Starting at the line below with "Metal Time Stellar" and stopping at the line with "11510 diy kitchen decor crafts idea one", please print each line exactly, those two included, and skip every picture.

Segment Start: Information

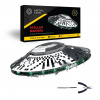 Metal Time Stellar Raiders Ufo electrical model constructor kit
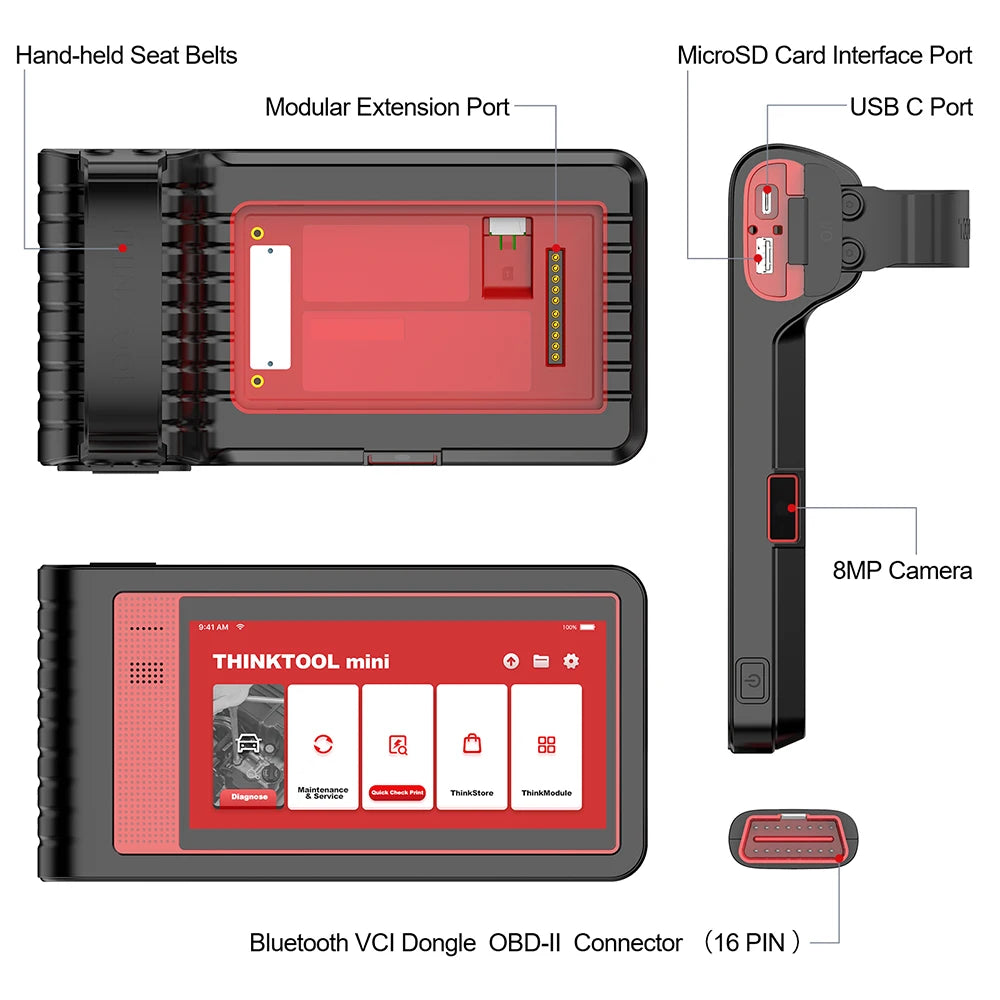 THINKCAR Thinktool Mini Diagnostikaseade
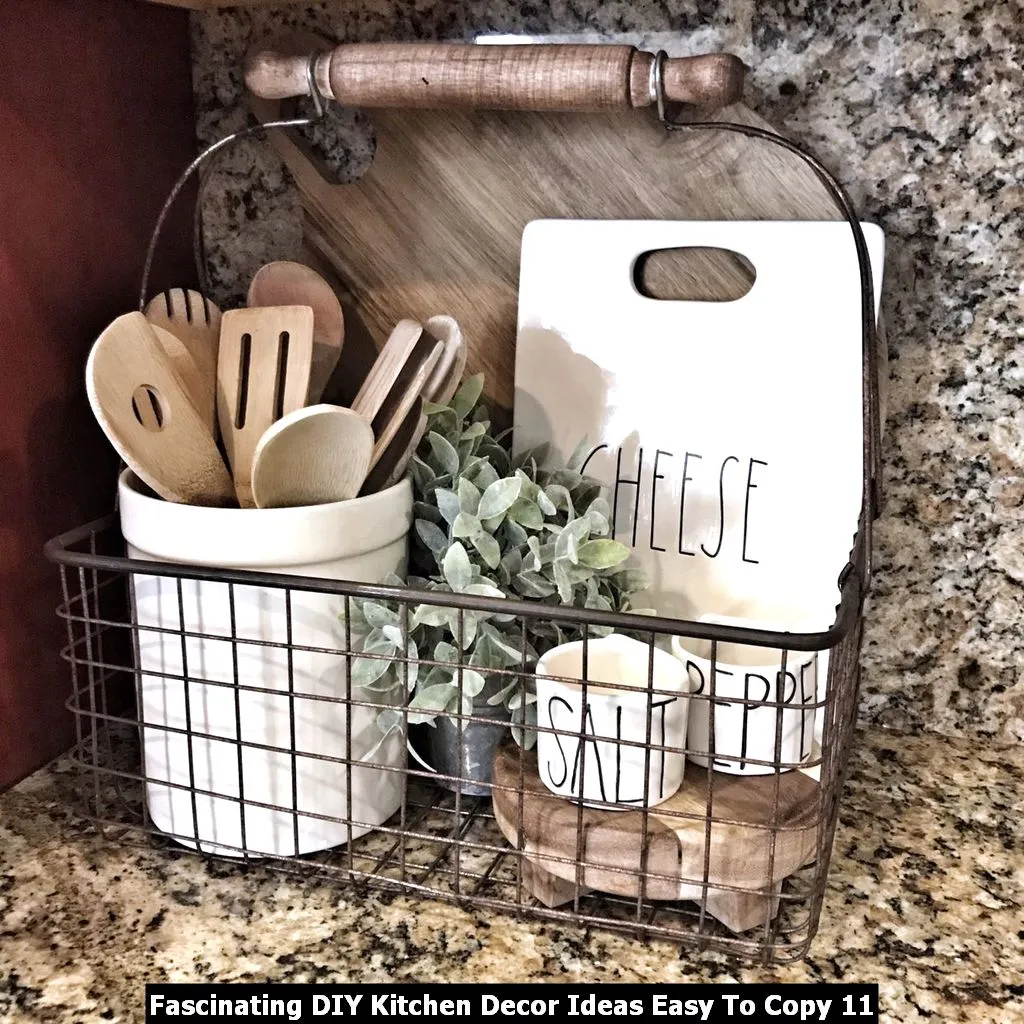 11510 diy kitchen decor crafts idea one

Segment End: Information
Segment Start: Information

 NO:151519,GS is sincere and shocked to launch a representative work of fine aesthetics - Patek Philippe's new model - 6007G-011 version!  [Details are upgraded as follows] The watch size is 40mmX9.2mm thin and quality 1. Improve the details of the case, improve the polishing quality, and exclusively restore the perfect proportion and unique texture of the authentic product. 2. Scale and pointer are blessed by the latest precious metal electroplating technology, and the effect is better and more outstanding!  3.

Segment End: Information

Exercise result:
 Metal Time Stellar Raiders Ufo electrical model constructor kit
 THINKCAR Thinktool Mini Diagnostikaseade
 11510 diy kitchen decor crafts idea one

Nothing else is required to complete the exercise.